Para Oliveira, condutas como a do apresentador Sílvio Santos “não espelham o que se espera de uma sociedade civilizada e que tem como parâmetro constitucional fundamental o respeito à igualdade de tratamento de gênero, dentre outros, em prol da dignidade do ser humano e, sobretudo, da dignidade da mulher, inclusive enquanto profissional”. Segundo o advogado da jornalista, André Froes de Aguilar, a justiça foi feita. “Relevante neste processo, muito mais que o reconhecimento do vínculo empregatício, foi a decisão sobre os danos morais quando o juiz relata que não é a primeira vez que este juízo se depara com situações semelhantes envolvendo a mesma figura pública, ou seja, Sílvio Santos”, disse. O advogado ainda ressaltou que o magistrado pontuou: “Quando a mulher é tratada como um objeto, como se observou no presente processo, o Poder Judiciário deve atuar, de maneira contundente, a se evitar que o mesmo padrão seja repetido, até porque a violência não é praticada apenas em relação à reclamante, mas em relação a toda e qualquer profissional do sexo feminino”.
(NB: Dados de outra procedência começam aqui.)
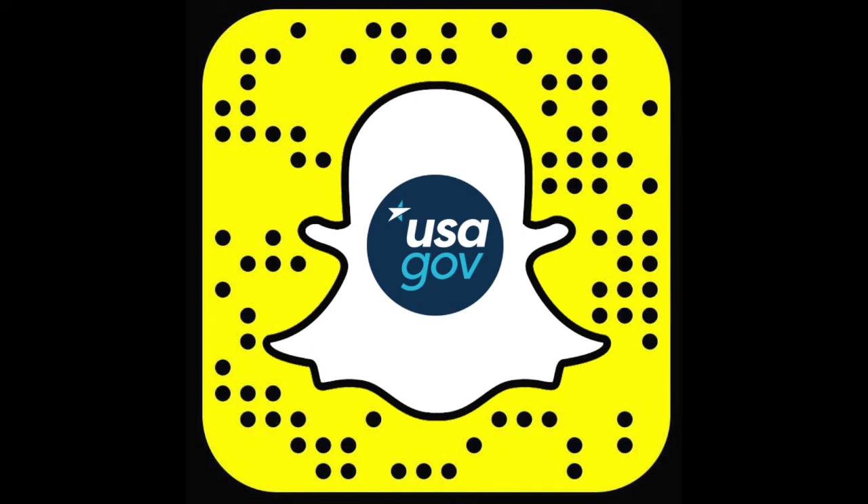If you want more behind-the-scenes looks at our National Monuments and Museums, historical fun facts, and even the occasional helpful hint in real time, make sure to follow us on Snapchat. Search for USAGov or use the SNAP code.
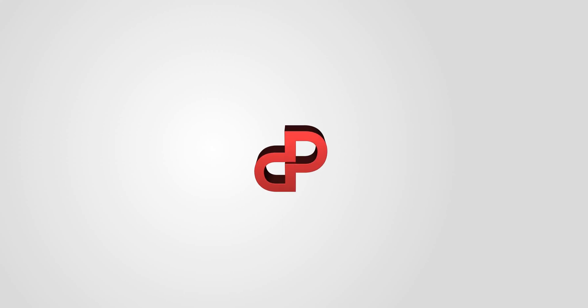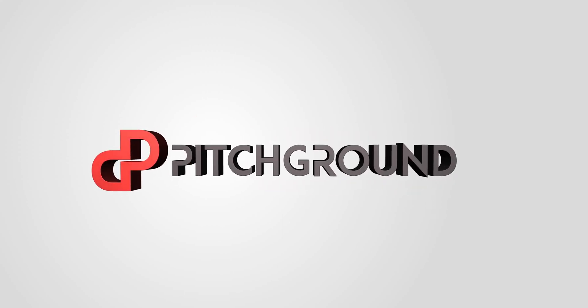Managing content across multiple channels can be a nightmare, but not on my watch. What's going on, guys? This is Valve from Pitch Ground.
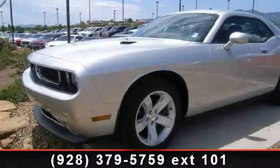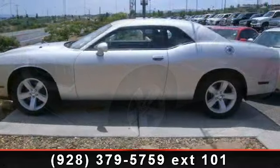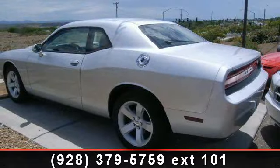Check out this 2012 Dodge Challenger. This may be the set of wheels you've been looking for. This vehicle comes with a reliable 6-cylinder engine, connected to a smooth shifting automatic transmission.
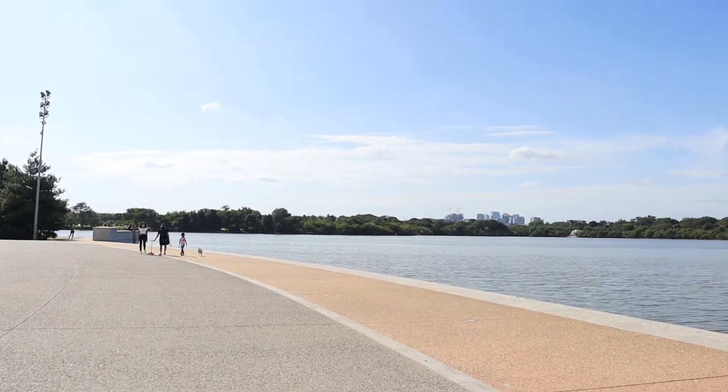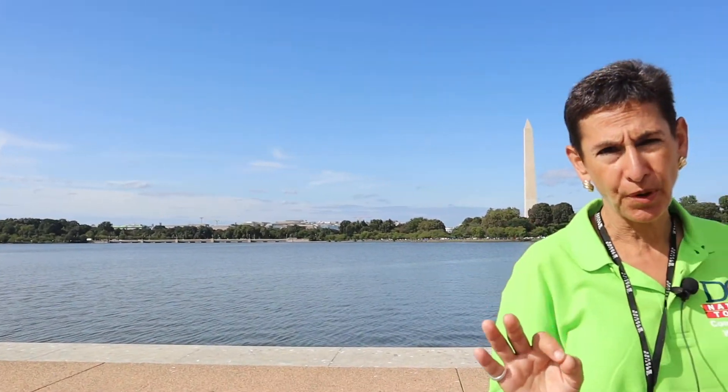Here we are at the Tidal Basin in Washington DC. This area is so well known for the iconic cherry trees that line the Tidal Basin, and they bloom every spring. It is a joy to see all of our local residents and visitors from all across the country and the globe come to this spot to see the iconic cherry trees blossom. They look like cotton candy in the sky.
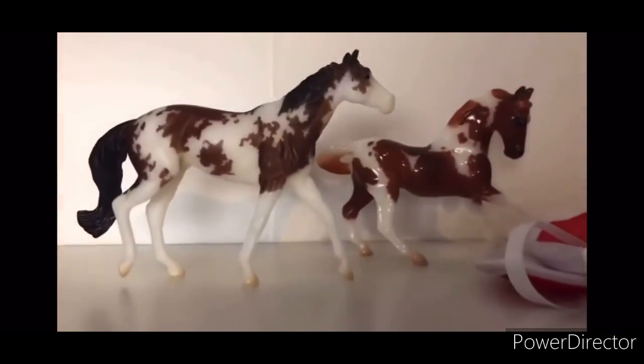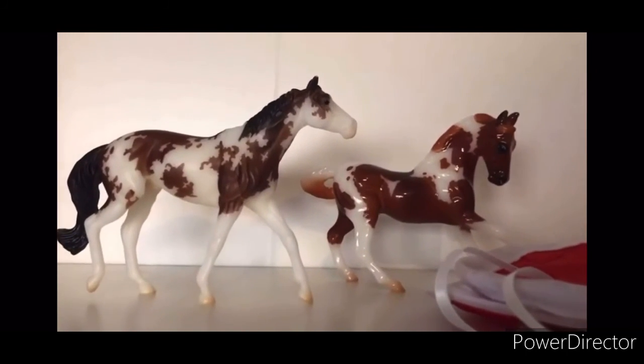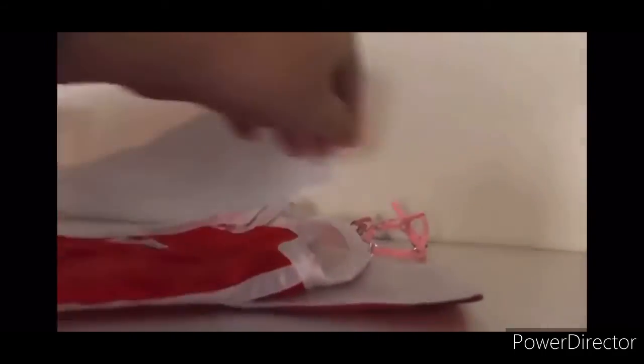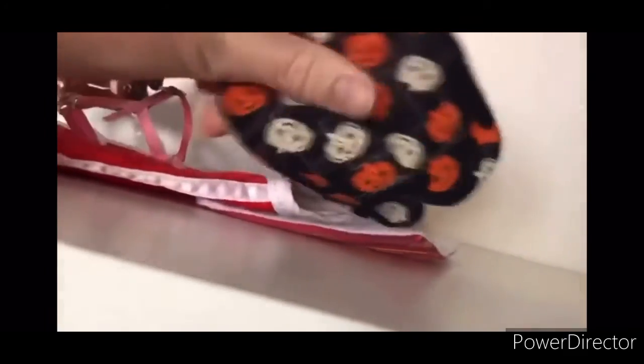You could pick one of these two Stablemate Club horses — depending on what goal we reach, if we go over my goal I'll include both of them. You'll also be receiving a super cute western Breyer saddle, saddle pad, and another little Breyer blanket, plus a crupper and a halter that is made by me. You'll also be receiving a Halloween saddle pad made by Infinity Breyers.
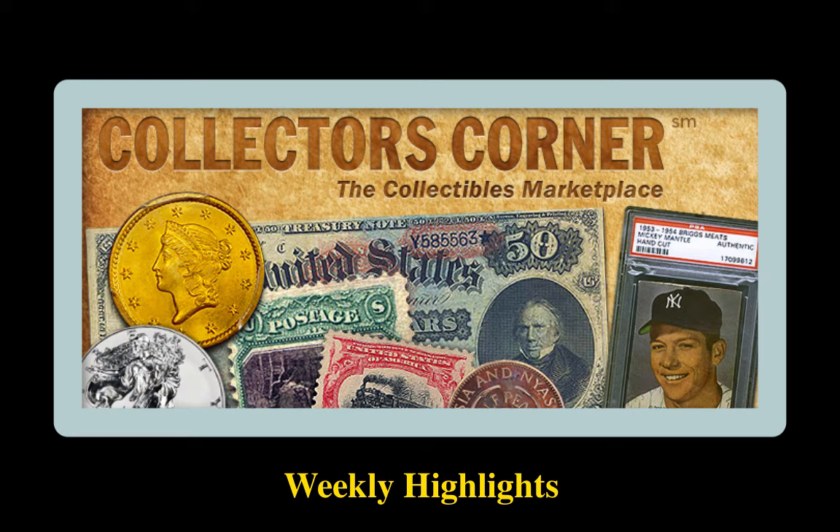There is no better feeling as a collector than adding to your collection. Collectors' Corner exists to help you with that process. Every day, tons of coins, trading cards, currency, and stamps are bought and sold over our network. Here are 20 highlighted collectibles available for sale by some of the world's top and most trusted dealers.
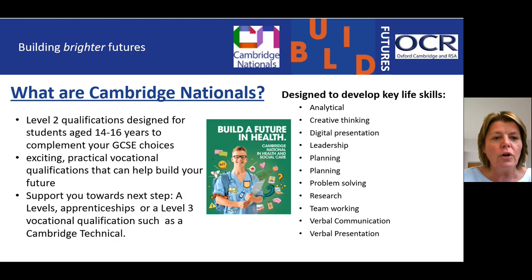It is designed to complement your GCSE choices and is exciting and practical. The next step after completing this course could be a Level Three qualification, which Hereford, Ludlow and other colleges deliver, maybe an apprenticeship, or on to A Levels. The course is also excellent in developing some basic key life skills such as planning, problem solving, research and teamwork.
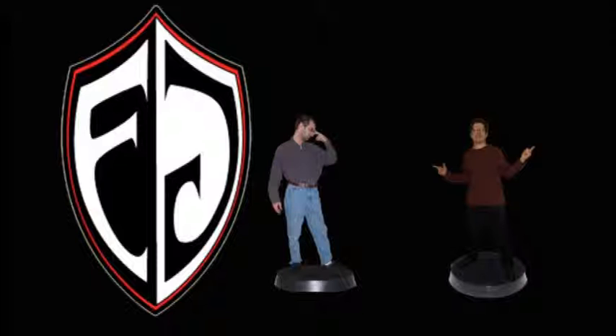Interesting: someone posted the rules for the new Eldar Wraithknights. They're 315 points. The weapon options are either a Death Shroud Cannon or an Inferno Lance. I'm going to assume the Death Shroud Cannon is the giant monofilament web — the Warp Spider gun thing — and the Inferno Lances are what look like the baby pulsars, but apparently it's the other way around.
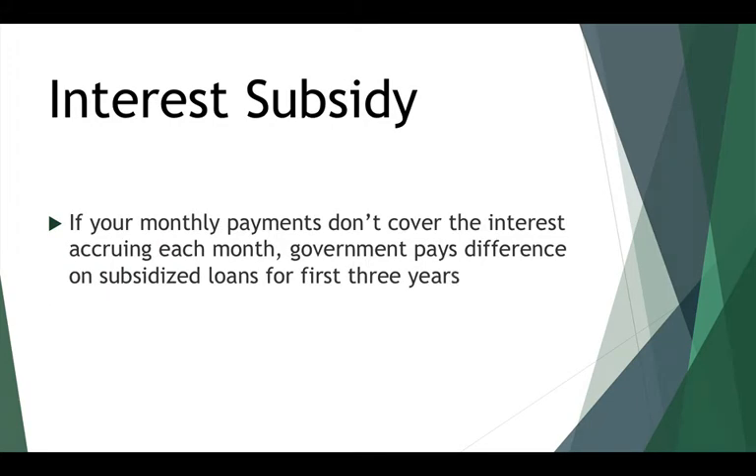One of the big improvements over income-contingent repayment is the interest subsidy. If your monthly payment under income-based repayment is less than the interest accruing on your loans each month, that accrued interest builds over time. Under income-based repayment, there's an interest subsidy: on any subsidized loans that are accruing interest, the government will pay that amount for you for the first three years you're in the program. After three years they don't pay it, and for any unsubsidized loans they don't pay it at all.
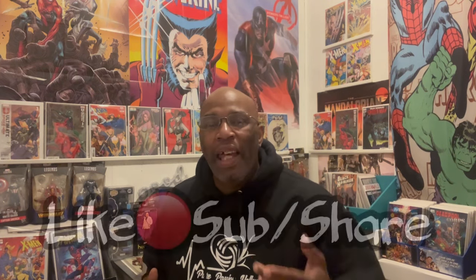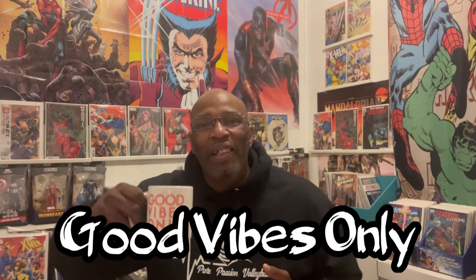Make sure you hit that like button, hit that subscribe button. As always, it's good vibes only. Hit the notification button so that every time I drop a video, you wonderful people don't miss out.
Em mensagem que postou em redes sociais, a propósito da decisão judicial, Rachel Sheherazade afirmou: “Obrigada, meus amores, pelo apoio e a empatia de vocês esse tempo todo. Temos um caminho ainda pela frente, mas já me sinto uma vitoriosa por tudo”. Ela trabalhava na TV Tambaú, afiliada do SBT em João Pessoa, quando o vídeo de um comentário criticando o carnaval de João Pessoa viralizou na internet e despertou a atenção do próprio Sílvio Santos, que determinou a sua contratação para atuar na sede do SBT em São Paulo, como noticiarista e comentarista. O estilo polêmico de Sheherazade em opiniões que passou a emitir sobre temas delicados como política, violência e tabus sociais levou-a a ser “patrulhada” por grupos petistas em redes sociais. Posteriormente, ela se indispôs com bolsonaristas quando passou a fazer críticas a Jair Bolsonaro. Rotulada de “direitista”, Rachel acabou sendo proibida por Sílvio Santos de comentar fatos no telejornal do SBT e teve sua demissão pedida publicamente pelo empresário Luciano Hang, dono da Havan, um dos maiores anunciantes do canal de televisão. Passou a se manifestar, então, em sua conta em redes sociais e, mesmo assim, as pressões não cessaram. O SBT rescindiu o contrato com Sheherazade antes do término, iniciando-se desde então uma guerra trabalhista que se arrasta há uma década. No SBT, Rachel trabalhou como pessoa jurídica enquanto era contratada e ficou à frente do telejornal SBT Brasil. Além disso, a apresentadora pediu o pagamento de todos os direitos trabalhistas que acumulou durante quase 11 anos em que exerceu seu ofício no canal.